A scoring touch and instinct can be taught, though, even at the NBA level. And Ntilikina is finally showing progress in that aspect, according to Knicks’ interim head coach Mike Miller. 

“Before, when he had a defender in front of him, he made the pass to Mitchell [Robinson] or Bobby [Portis] or whoever,” Miller said (h/t SNY). “And now he’s seeing open lanes to the basket, and he’s going.”

Consider it to be the smallest of baby steps, but Ntilikina’s progression has been noticeable over the past two-and-a-half weeks. 

In his last seven games, he’s attempted at least nine field goals four times. 

That’s the same amount of times he put up nine-plus field-goal attempts over his first 49 games of the 2019-20 season. 

“I was trying to work on really being aggressive and still looking for the right play,” Ntilikina said. “Not settling on playing on the perimeter.”

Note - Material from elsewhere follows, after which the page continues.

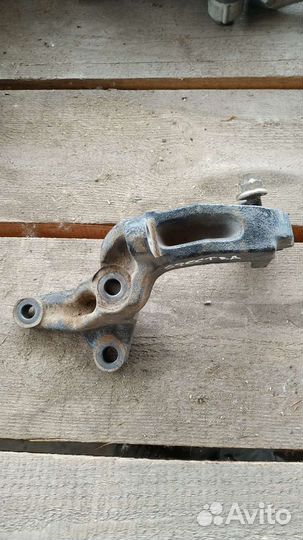 Кронштейн двигателя правый Киа Спектра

Patience surrounding lottery picks in the NBA usually runs thin. If players don’t immediately produce or meet expectations over their first few seasons, they’re shown the door more times than not. 

It’s important to remember that Ntilikina is still just 21 years old despite having nearly three years of NBA service under his belt. 

But there have been whispers of the Frenchman getting shipped out of the Big Apple, especially during last summer. 

With a new president in control in Leon Rose, the Knicks’ rebuild could be meandering in a different direction. But if Ntilikina can find a way to build off his newfound offensive aggression and start production consistently, the Knicks might add him to their core of the future alongside RJ Barrett, Mitchell Robinson, and Kevin Knox.